Without water, human civilization would collapse within days. Without diamonds, life would continue almost unchanged. Yet in nearly every market, a diamond is worth far more than an equivalent amount of water. Why?

This question puzzled economists for centuries and became known as the Diamond-Water Paradox. It was famously discussed by Adam Smith in The Wealth of Nations (1776), where he observed that “nothing is more useful than water; but it will purchase scarce anything… A diamond, on the contrary, has scarce any value in use, but a very great quantity of other goods may frequently be had in exchange for it.” At first glance, this appears to contradict common sense. If value is determined by usefulness, water should be one of the most expensive commodities on Earth.

The solution arrived nearly a century later through the work of economists including William Stanley Jevons, Carl Menger, and Léon Walras, who independently developed the theory of marginal utility. Their insight was that prices are not determined by the total usefulness of a good, but by the value of obtaining one additional unit of it. Water, despite being indispensable, is abundant in most places.
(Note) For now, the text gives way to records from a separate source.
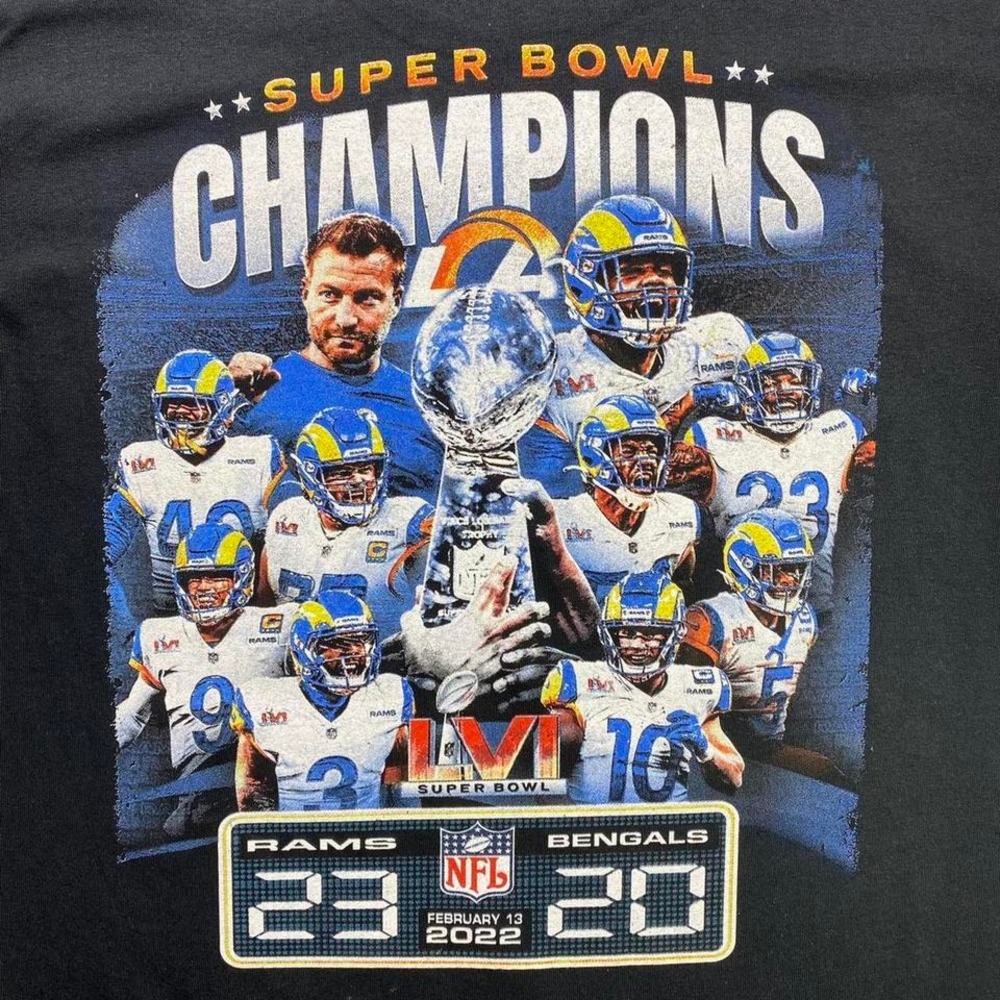 2022 LA Rams x Super Bowl Champions football shirt MEDIUM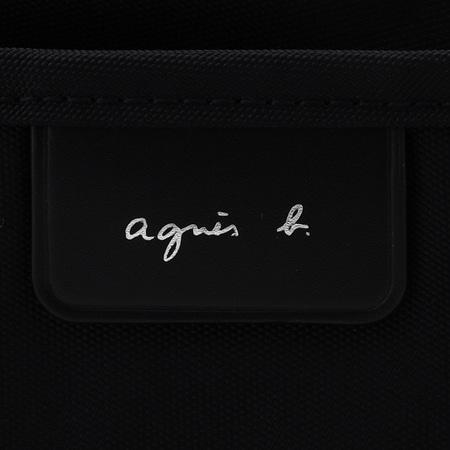 アニエスベー agnes b ショルダーバッグ ナイロン My bag ブラックの画像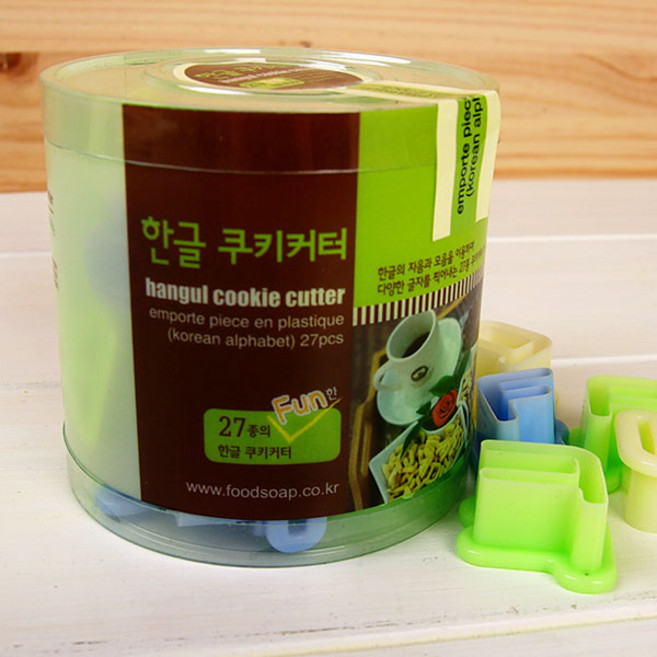 달곰베이킹 쿠키커터 한글세트(플라스틱), 1개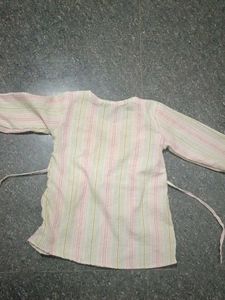Embellished Striped Kurti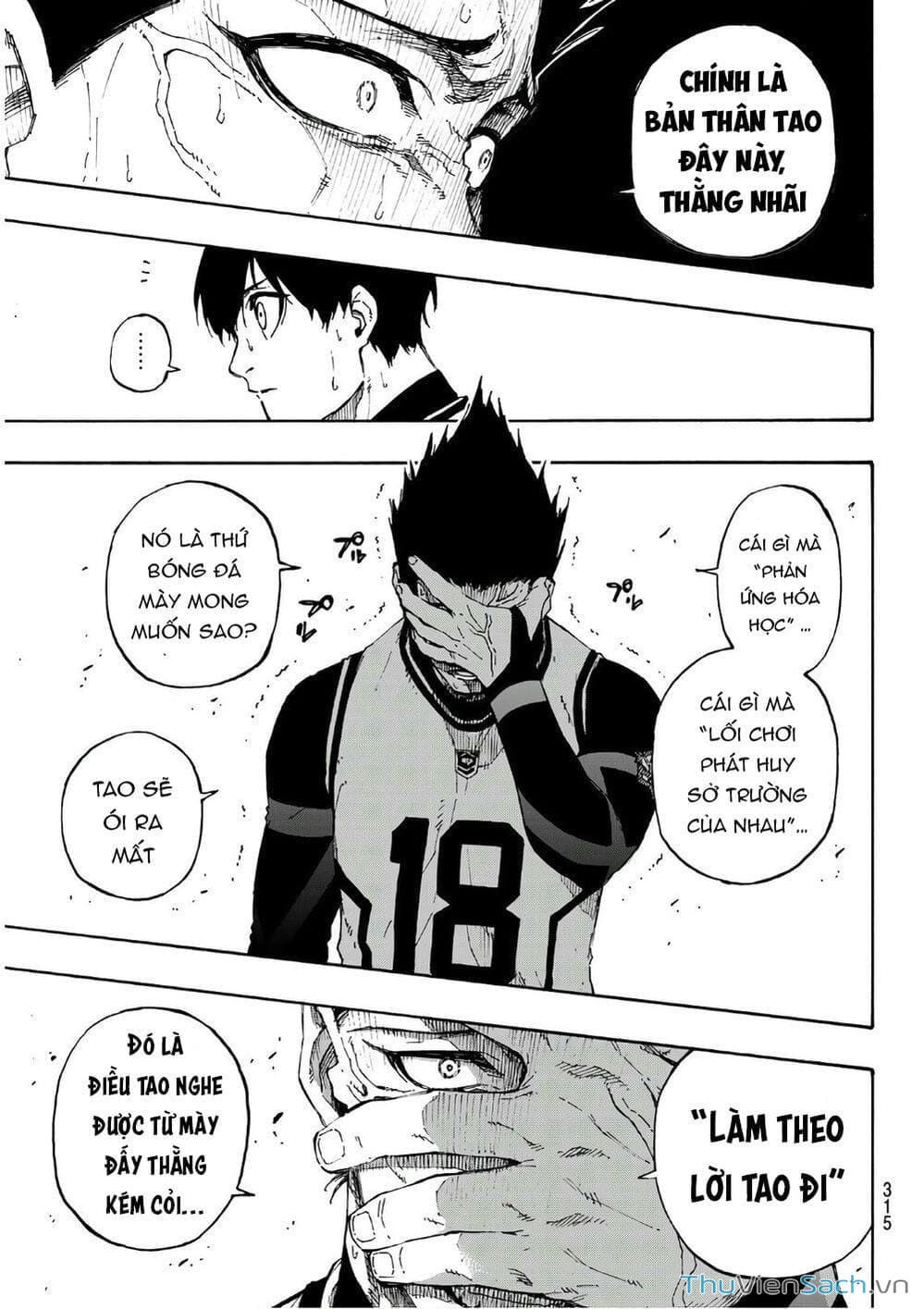 Truyện Tranh Tiền Đạo Số 1 - Blue Lock trang 6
Because people already have enough to satisfy their most important needs, an extra litre provides relatively little additional benefit. Diamonds, in contrast, are scarce. Even though they contribute little to survival, obtaining one more diamond is far more difficult, making its marginal value much higher.

This distinction between total utility and marginal utility transformed economic thought. Imagine standing beside a river with an endless supply of clean water. Receiving one more bottle changes very little. Now imagine owning a single diamond. Receiving a second one meaningfully increases your collection because diamonds remain scarce. The market reflects this trade-off between scarcity and the value of the next unit consumed, not the importance of the good itself.

The paradox also explains why prices can change dramatically depending on circumstances. A bottle of water at home costs very little because supply is plentiful. The same bottle in the middle of a desert, after hours without hydration, may become more valuable than jewelry. The water itself has not changed. What has changed is its marginal utility. As availability decreases, each additional unit becomes more valuable because it satisfies a more urgent need.

The Diamond-Water Paradox remains one of the most influential ideas in economics because it distinguishes between value and price. Markets do not measure how important something is to human life. They measure how people value one additional unit under existing conditions of scarcity. This principle extends far beyond water and diamonds. It helps explain wages, housing prices, collectibles, natural resources, and countless everyday transactions.

What began as a simple question—why are diamonds worth more than water?—ultimately reshaped economics. The answer is not that diamonds are more important. It is that markets respond to scarcity at the margin, not necessity as a whole. Sometimes, the things we cannot live without are inexpensive precisely because they are abundant, while the things we could easily live without become extraordinarily valuable simply because they are rare.